D’un point de vue strictement personnel, j’ai le souvenir comme tout le monde d’avoir vécu des traumatismes littéraires avec des livres vraiment difficiles à avaler… Mais aussi de super découvertes d’auteurs pas forcément récents.
Je trouve que de nombreux commentaires se basent sur des souvenirs plus ou moins mauvais, mais très personnels, et je pense qu’il faut y réfléchir de façon plus large. Je suis à 200% pour la lecture plaisir, et je ne considère aucun genre comme supérieur à un autre.

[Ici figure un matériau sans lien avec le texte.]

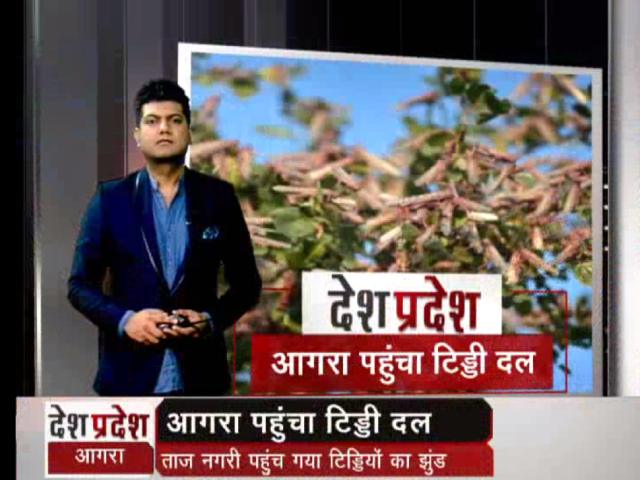 ताजनगरी पहुंच गया टिड्डियों का दल, ड्रोन से केमिकल का छिड़काव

Mais il me semble que si on réfléchit du point de vue de l’école et de ses missions, le fait d’imposer des lectures est important, et surtout des auteurs classiques. Le rôle de l’école n’est pas de nous donner envie de lire, mais de nous donner d’abord, au primaire, un niveau suffisant en lecture et orthographe. Et ça c’est déjà de plus en plus compliqué, car de mon point de vue ce n’est pas la seule mission qu’on demande à l’école, et que l’école n’assure plus seulement l’instruction comme avant, mais bien l’éducation au sens large, et se trouve amenée à faire l’éducation des enfants, à gérer des problèmes de comportements… Je côtoie beaucoup d’enseignants et de professeurs, et en les écoutant, j’ai l’impression que la majeure partie du temps de classe n’est pas dévolue à l’apprentissage mais au maintien d’un calme suffisant et souvent relatif pour transmettre les apprentissages.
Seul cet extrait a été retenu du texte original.